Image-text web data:

═══

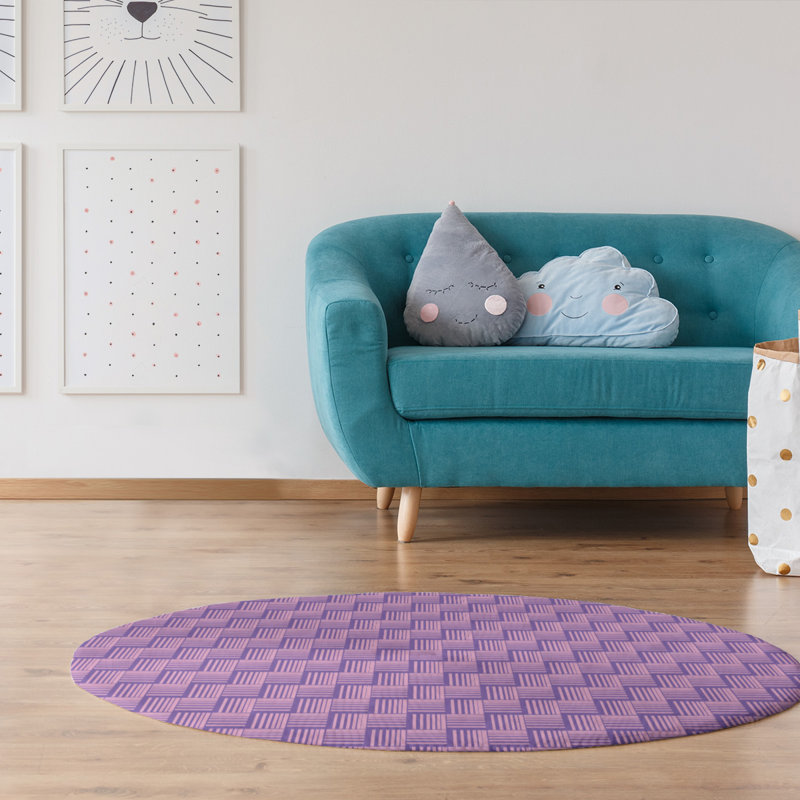 Tapis rose pâle/mauve rayures basketweave, Rond 5 pi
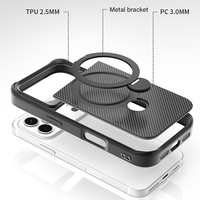 Étui de téléphone en fibre de carbone magnétique, coque de protection fine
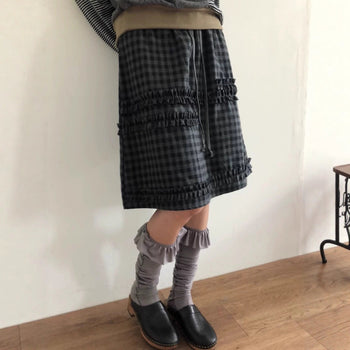 plaid lace skirt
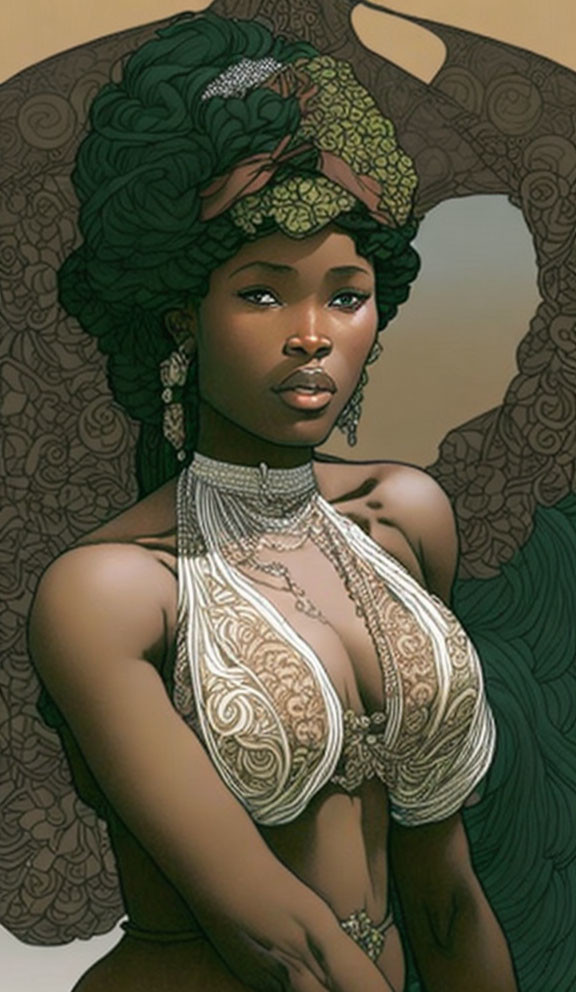 Detailed illustration of woman with intricate tattoos, headwrap, and ornate necklace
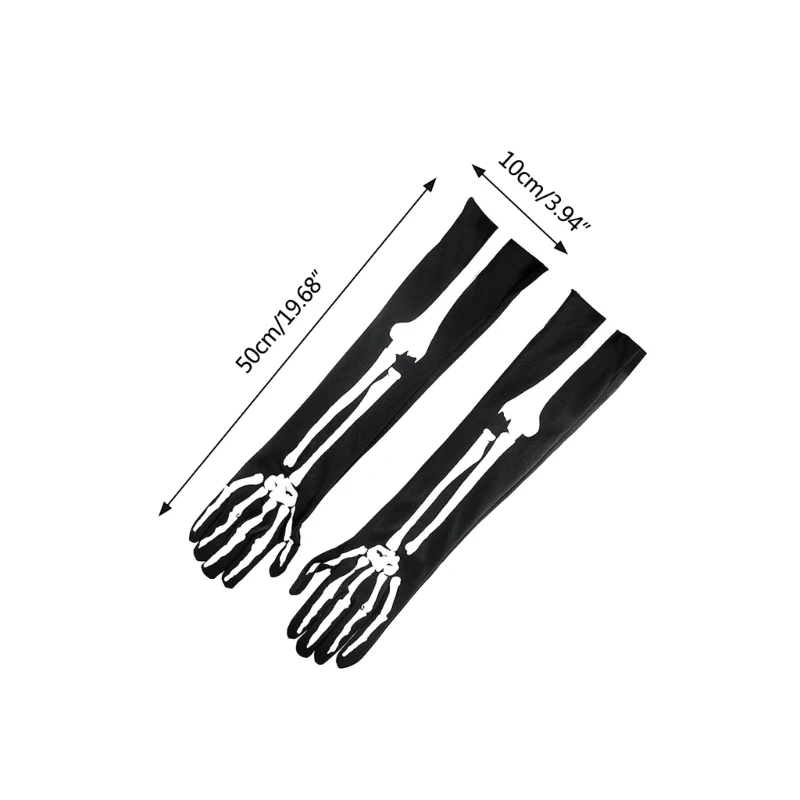 Skeleton Full Finger Gloves Bone Print Mittens Halloween Long Arm Length Wrist Length Dance Gloves Costume Accessory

═══

### [Instructions to follow]
Restate word for word the lines running from the one with "plaid lace skirt" to the end of the entries; pictures are to be left out.

### [Task output]
 plaid lace skirt
 Detailed illustration of woman with intricate tattoos, headwrap, and ornate necklace
 Skeleton Full Finger Gloves Bone Print Mittens Halloween Long Arm Length Wrist Length Dance Gloves Costume Accessory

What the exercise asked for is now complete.